Now, normally, 17 days would have been more than enough time for me to finish the 652 pages.
Sleeping, being, of course, nothing but a silly distraction when there is fresh Harry Potter on the table.
If you remember, though, book five was a slow-moving 870 page behemoth of a book, and, as July approached that summer, I realized that I hadn't completely absorbed it the first time around.
And so, just to be safe, I decided to re-read book five before beginning book six.
This was a late decision, though, so I hadn't actually finished my book five re-read by the time book six was released.
(It's a sign of my reverence for these novels, I think, that my impulse is to spell them "Book Five" and "Book Six".)
(Screw it. That is how I'm going to spell them.)
So that's how I found myself living in Denmark, half way through Book Five of the Harry Potter series, with Book Six safely tucked away into the on-deck circle of my suitcase.
With 1000 pages of Harry Potter to get through, my first days in Denmark had a clear structure:
During every moment that was not explicitly scheduled, there was only one place for me to be.
On the couch, on my stomach, my whole head pressed into the world of Harry, Hermione, and Ron.
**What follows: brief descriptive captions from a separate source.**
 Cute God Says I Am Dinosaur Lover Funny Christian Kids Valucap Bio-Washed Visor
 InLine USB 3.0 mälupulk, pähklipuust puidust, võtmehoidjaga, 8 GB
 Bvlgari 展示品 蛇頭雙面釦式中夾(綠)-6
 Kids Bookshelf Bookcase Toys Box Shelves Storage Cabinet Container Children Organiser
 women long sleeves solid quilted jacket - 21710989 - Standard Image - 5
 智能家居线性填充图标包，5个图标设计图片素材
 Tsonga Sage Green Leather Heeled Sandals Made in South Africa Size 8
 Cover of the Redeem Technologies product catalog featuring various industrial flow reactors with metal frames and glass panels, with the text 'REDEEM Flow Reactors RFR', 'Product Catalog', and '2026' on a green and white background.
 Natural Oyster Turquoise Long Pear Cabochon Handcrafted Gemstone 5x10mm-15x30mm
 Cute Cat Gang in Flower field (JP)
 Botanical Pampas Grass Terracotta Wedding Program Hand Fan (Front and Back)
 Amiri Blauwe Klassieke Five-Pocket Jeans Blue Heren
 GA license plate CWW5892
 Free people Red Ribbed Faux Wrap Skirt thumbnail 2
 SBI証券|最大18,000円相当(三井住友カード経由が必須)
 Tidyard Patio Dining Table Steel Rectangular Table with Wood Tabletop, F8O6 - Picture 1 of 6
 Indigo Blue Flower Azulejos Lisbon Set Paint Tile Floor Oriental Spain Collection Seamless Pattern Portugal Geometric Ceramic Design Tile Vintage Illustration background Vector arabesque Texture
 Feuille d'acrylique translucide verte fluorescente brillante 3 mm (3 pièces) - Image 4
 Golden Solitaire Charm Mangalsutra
I don't think this was a defense mechanism, I don't think it was a self-preserving reaction to a new and completely unknown environment.
I really think it was just about the books.
It would be absurd, though, to claim complete understanding of my 16 year old sub-conscious.
Either way, my conscious experience of those first weeks was not one of escapism.
I wasn't hiding from anything ...
There was Harry Potter to read, people!
To me, my actions were sensible and logical and not even a tiny bit weird or obsessive.
Which is why, eleven months later, I was so shocked and amused to find out that my host parents had been terribly worried about me during that time.
A kid that sticks her head in a book at every available moment, they thought, is surely a kid suffering under crippling homesickness.
We laughed about it and assured them: I wasn't miserable ...
I was just obsessed with Harry Potter.
There in the airport, we reminisced and laughed and clarified, speaking together in Danish.
And I could not believe that this July 2006 Danish language was the same as that August 2005 Danish.
Somehow, that mumbled unintelligible soundtrack, the noises swirling around my head as I read Harry Potter, somehow they had organized themselves.
Somehow, I managed to identify and label those sounds, line them up next to their English cousins, and learn how to insert them into new grammar structures, new Danish ones.
Somehow, eleven months later, there I sat.
Teasing and laughing and reminiscing, using all those labeled and organized sounds to express my real, full, human ideas.
I never really truly learned the language, though.
I won't be truly fluent ...
until I can read Harry Potter in Danish.